When politicians’ egos and taxpayer money combine, you’re bound to get a bad result.
Wasting taxpayer money is wrong, whether it’s a billion dollars or a single penny. And so, finding and cutting waste has been a passion of mine since I worked as Missouri’s State Auditor.
I recently found one of the stupidest uses of taxpayer money I’ve ever seen. For years, some politicians in Washington have used taxpayer dollars to buy portraits—of themselves—often to the tune of tens of thousands of dollars. A former head of the Department of Agriculture spent $20,000 on a portrait of himself. And not to be outdone, a former Environmental Protection Agency official spent $40,000 on an oil painting of herself.
There are some big egos in Washington, but this really takes the cake.
Any Missourian could tell you this money could be put into roads and bridges across our state, used to help combat Missouri’s opioid epidemic, or strengthen our military or veterans’ services.
That’s why I teamed with Republican Senators Bill Cassidy of Louisiana and Deb Fisher of Nebraska to introduce the Bipartisan EGO Act. Our bill, which this week passed out of committee unani-mously, would make it illegal to use taxpayer money for this kind of vanity art project.
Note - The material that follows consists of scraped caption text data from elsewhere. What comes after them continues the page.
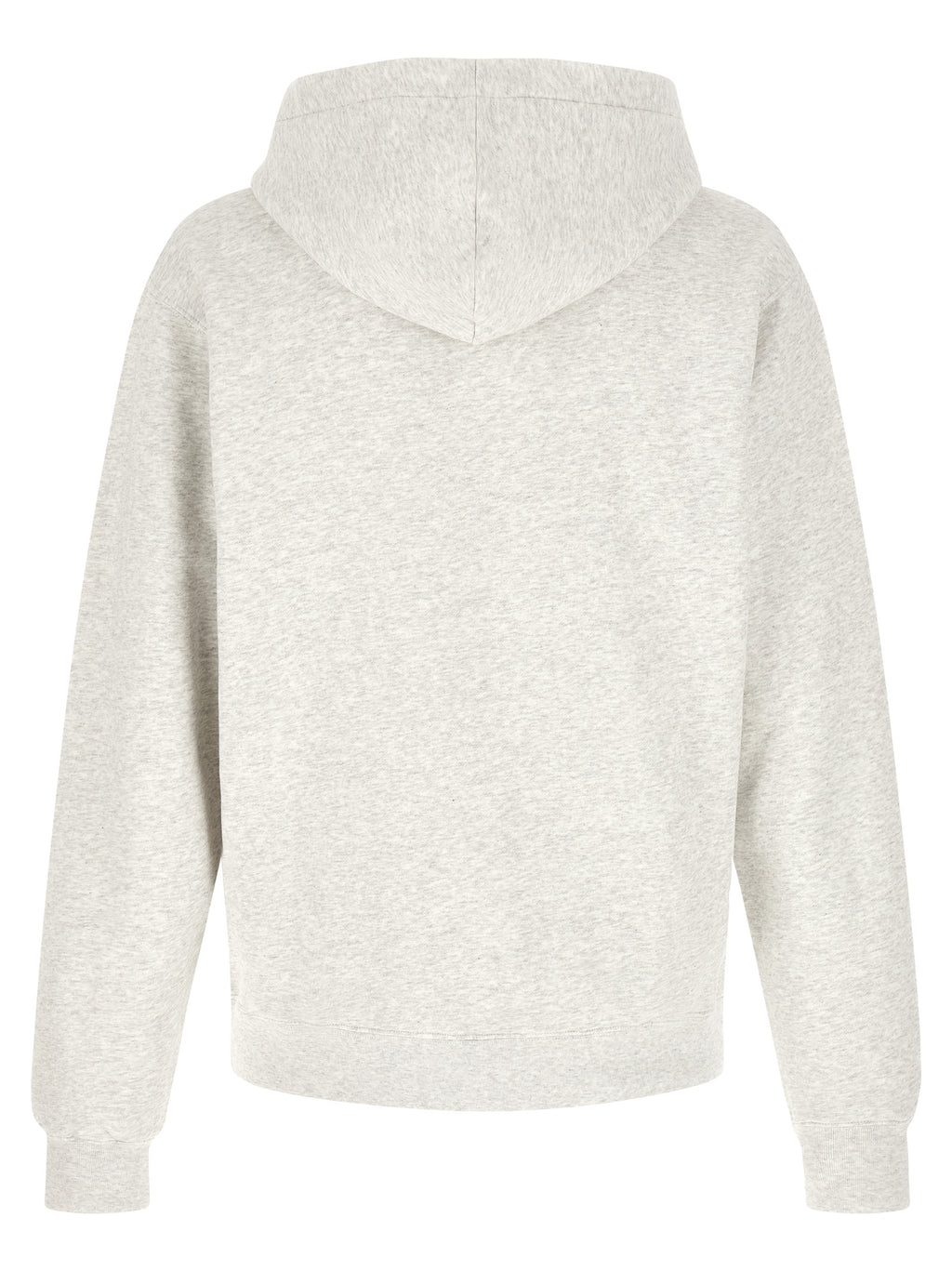 Gray Cotton Sweatshirt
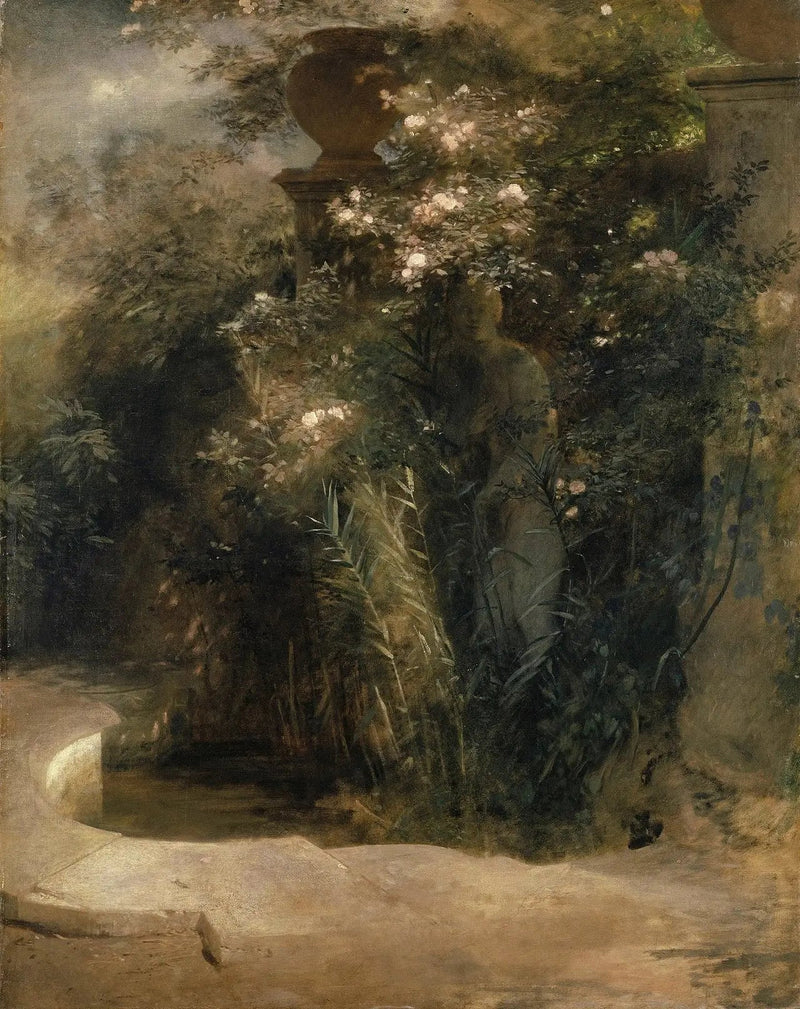 버나나 포기된 비너스 - 아놀드 뵈클린

Source:
Vénus abandonnée - Arnold Böcklin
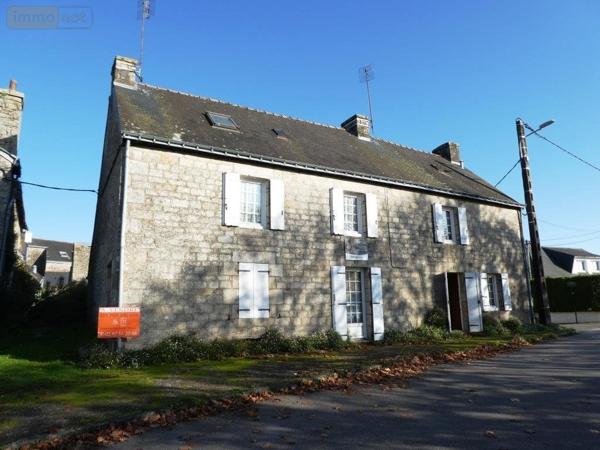 Maison à vendre à Kernascléden dans le Morbihan (56540), ref : 56075-2399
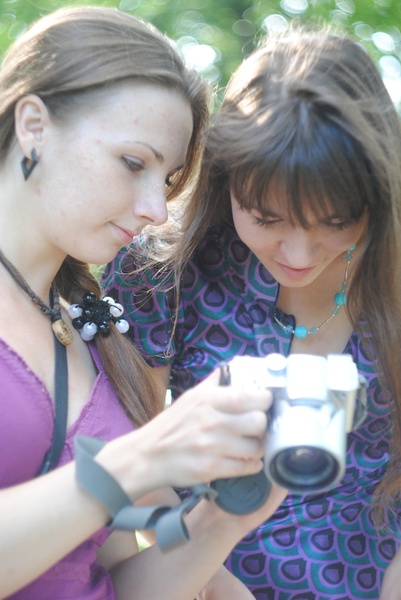 В процесі фотографування :)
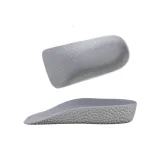 Попкорн Амортизация, Серый, 1 упаковка, визуально увеличивает рост - 2,5 см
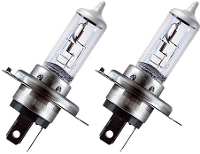 Osram Automotive 4062172387491 Halogeenlamp Ultra Life H4 60/55 W 12 V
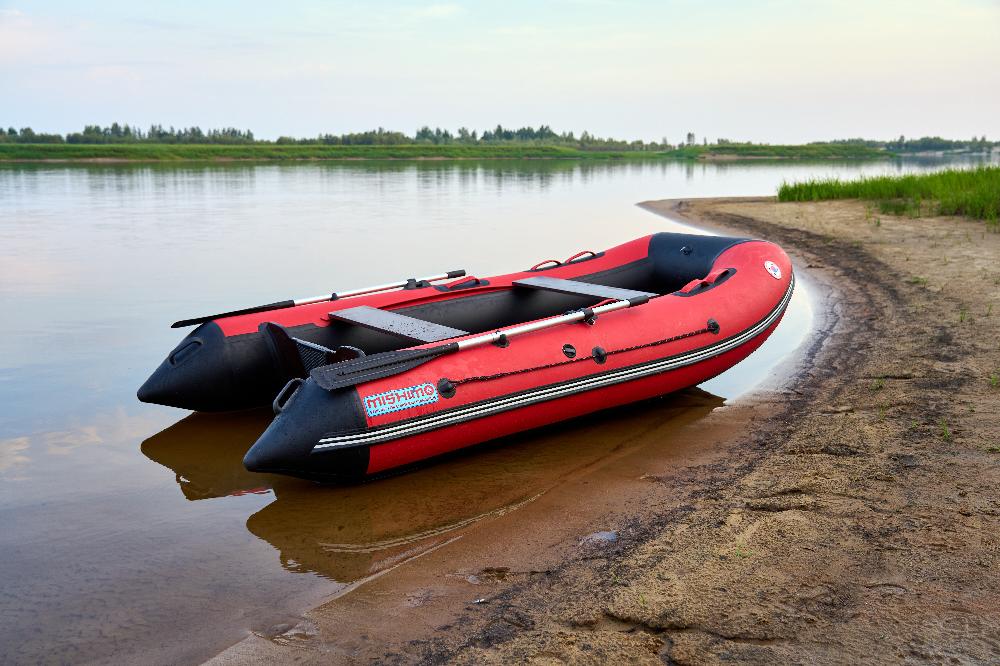 Лодка MISHIMO LITE 360 в Геленджике
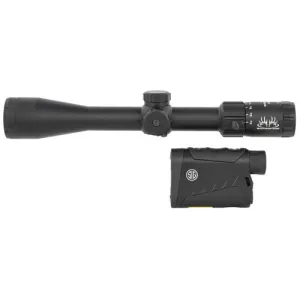 SIG SAUER Buckmasters Combo 4-16x44 Black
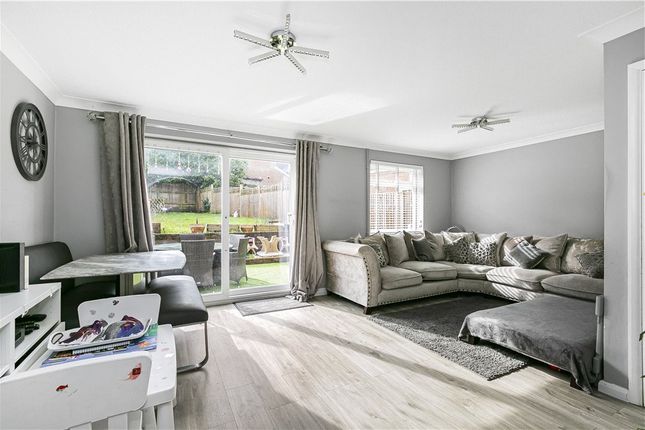 End terrace house for sale in Connaught Road, Brookwood, Woking, Surrey
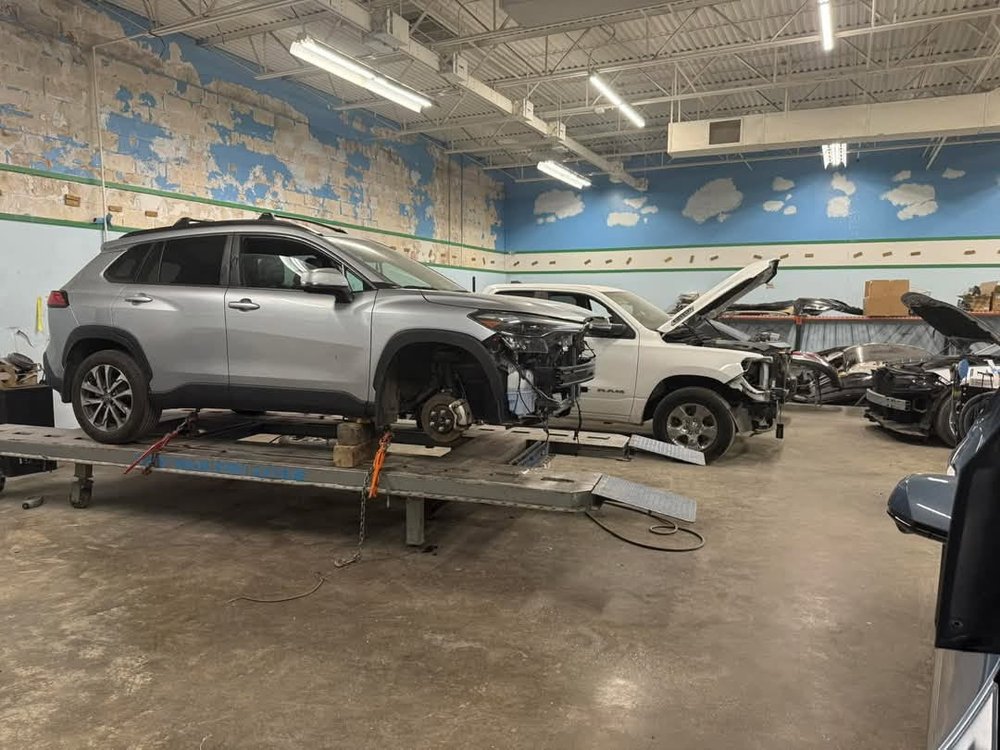 Charlotte Auto Body & Repair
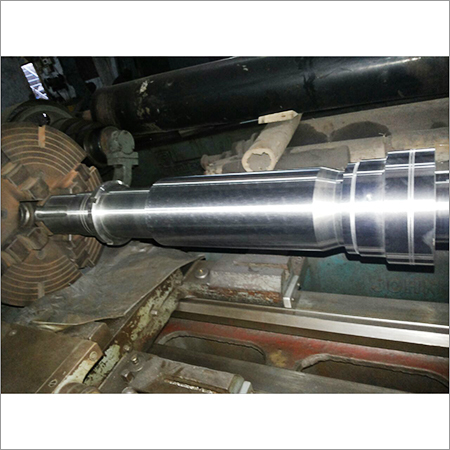 Precision Machine Shafts
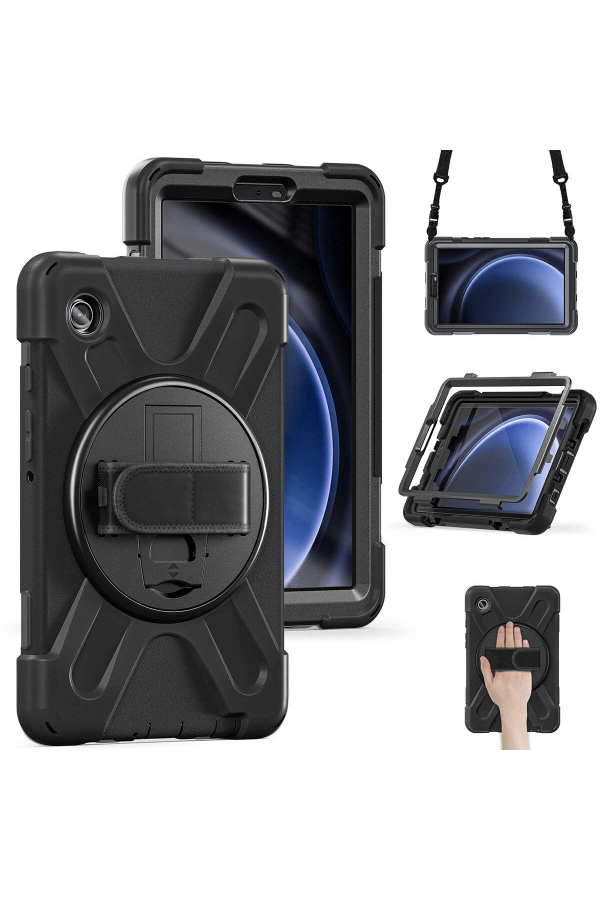 Galaxy Tab A9 Zore Defender Tablet Silikon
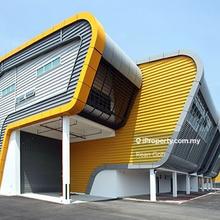 Nusajaya Tech Park 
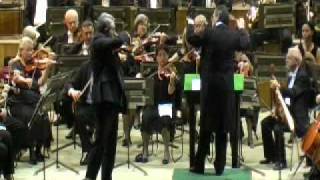 Gheorghe Margineanu Play Tchaikovsky-Violin Conceto, Op.35.wmv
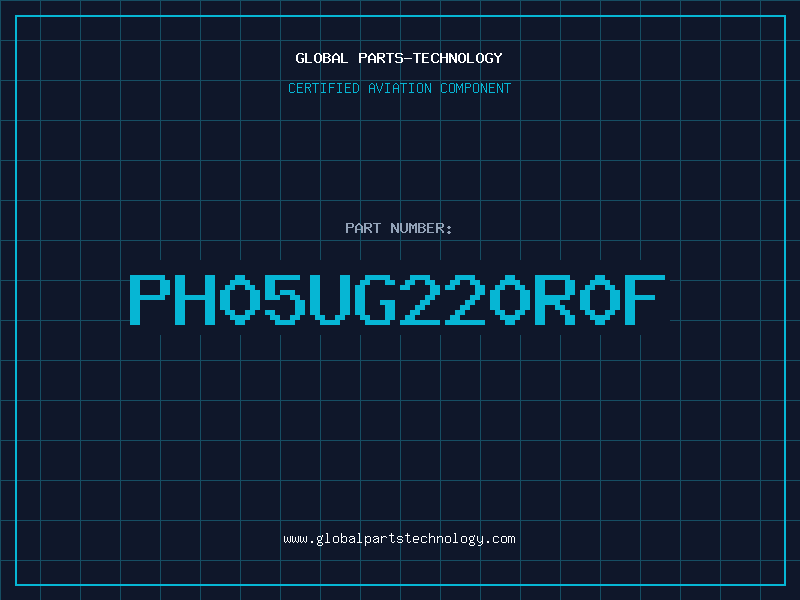 Aviation Part PH05UG220R0F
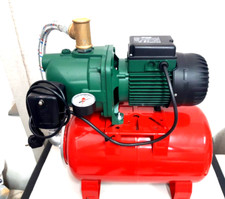 POMPA AUTOCLAVE COMPLETA VASO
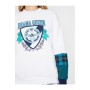 Koton Kadın London Sweatshirt 0KAL18229IK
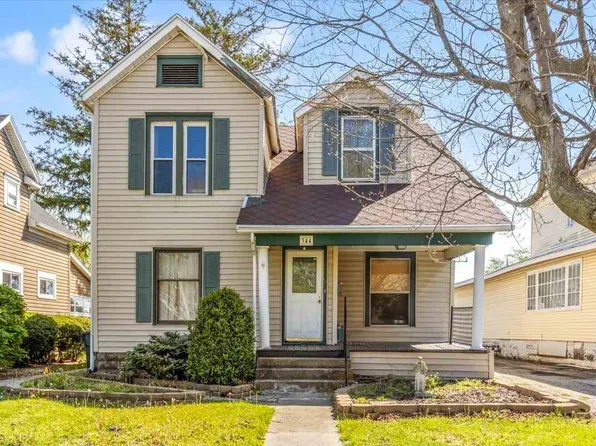 344 N Union St, Union City, IN 47390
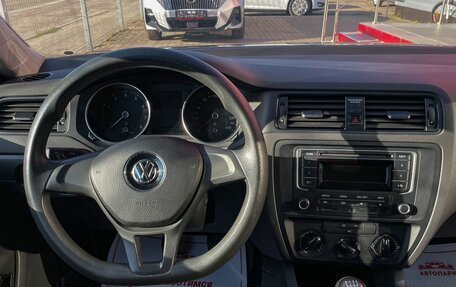 Volkswagen Jetta VI, 2015 год, 899 000 рублей, 17 фотография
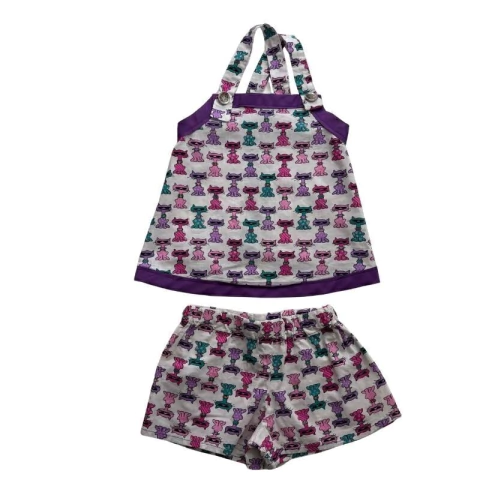 Conjunto 2-3 años Nuevo (36619)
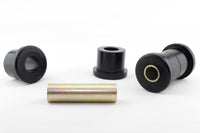 Thumbnail for Whiteline 98-04 Nissan Frontier SE/XE Front Control Arm Lower Inner Bushing Kit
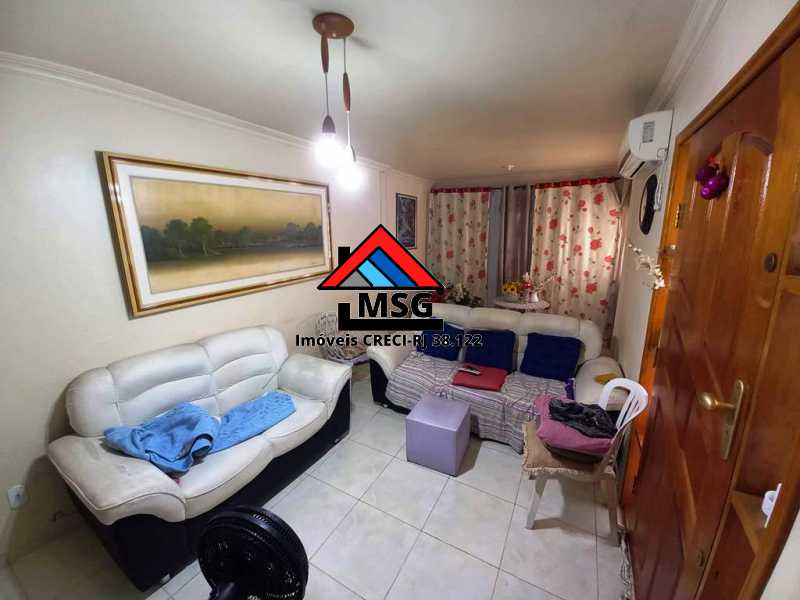 Conheça 4 do imóvel - Casa 4 quartos com quintal, local tranquilo com comércio - CGCA40014 - 4 4 - 4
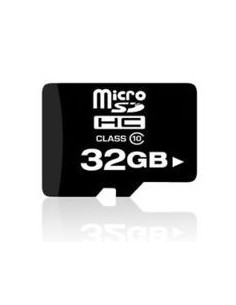 Cartão Mem MicroSD 32Gb SDHC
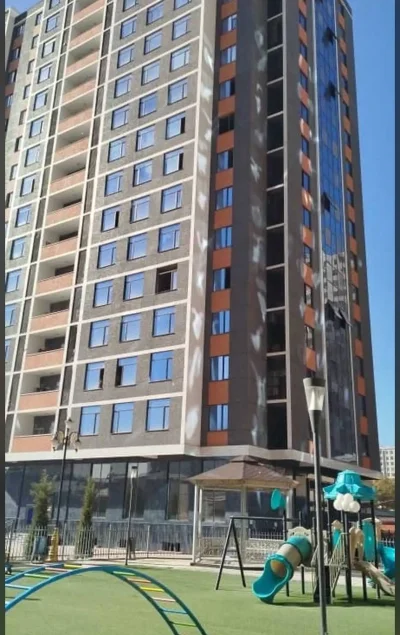 3-комн. квартира, 16 этаж, 123 м², Исмоили Сомони
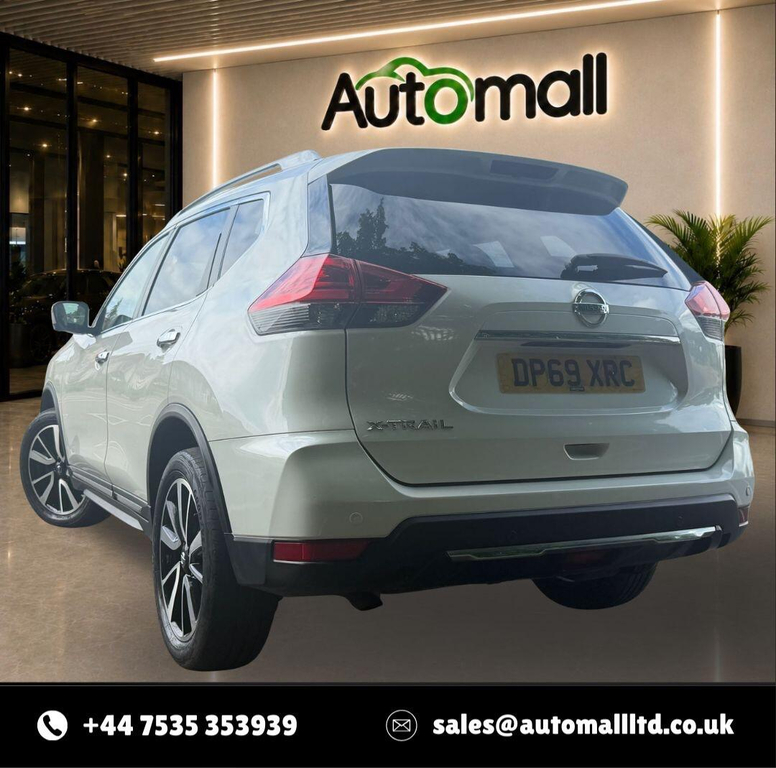 Nissan X-Trail Dig-t Acenta Dct Black #13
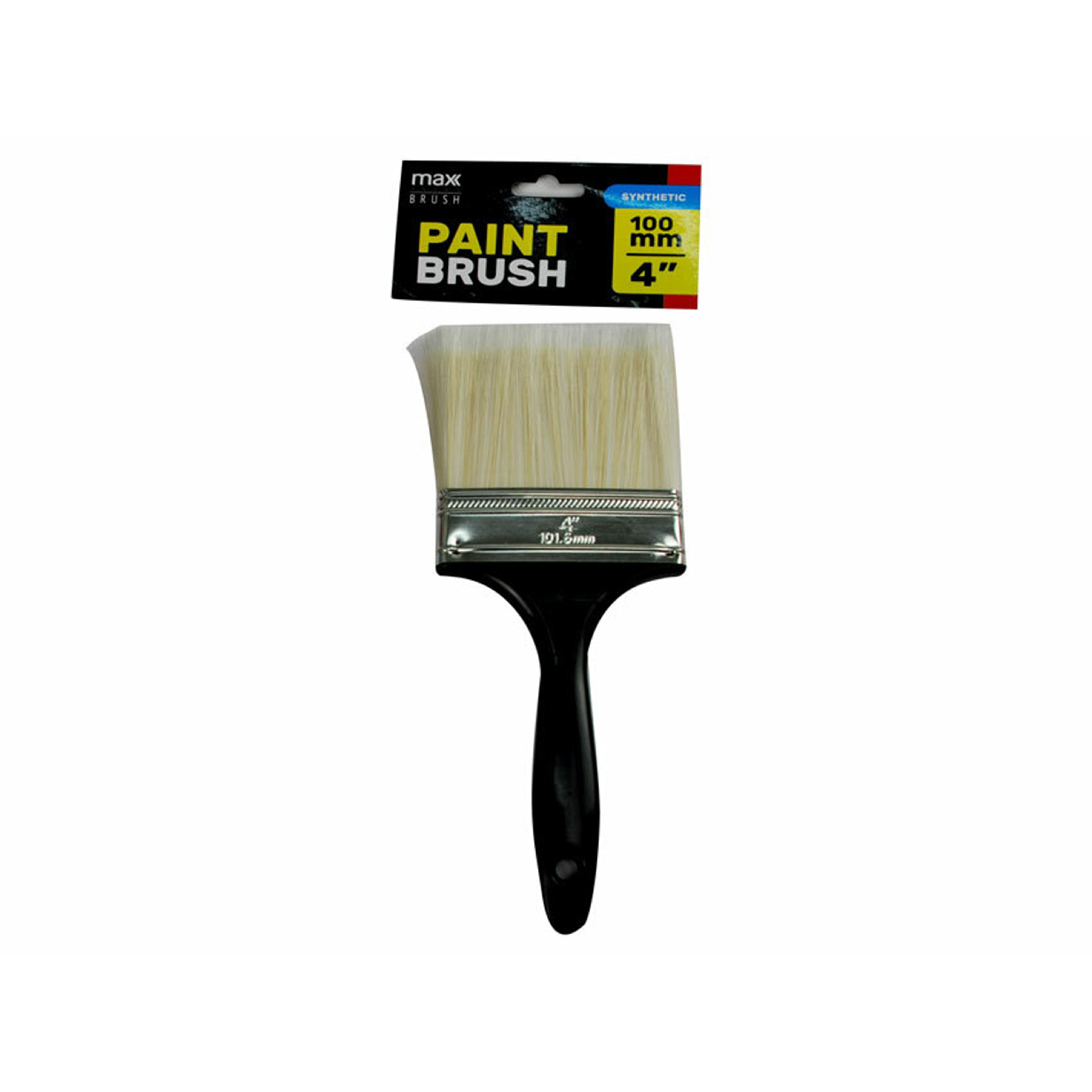 Max Paint Brush  100mm 4"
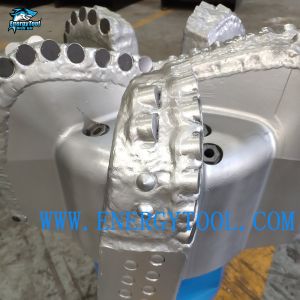 PDC Rock Drilling Tool 13-3/4 Inch 5 Blades PDC Drill Bit Of Oilfield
If top government officials want a portrait of themselves, then they can pay for it themselves.
Eliminating these paintings is not going to save a ton of taxpayer money, but that’s not the point. The point is that that some in Washington get so impressed with themselves, they actually think it’s okay for you to pay to paint a picture of them. And finding waste and eliminating it wherever and however we can needs to be our goal. Not a single Missouri family is made safer, or more economically secure by these paintings, and in my book, that means they need to go.
Missourians have spoken loudly and clearly that they are tired of business as usual in DC. Many things need to change. Ending this type of waste is a good way to start.
Claire McCaskill is Missouri’s U.S. Senator and former Missouri State Auditor.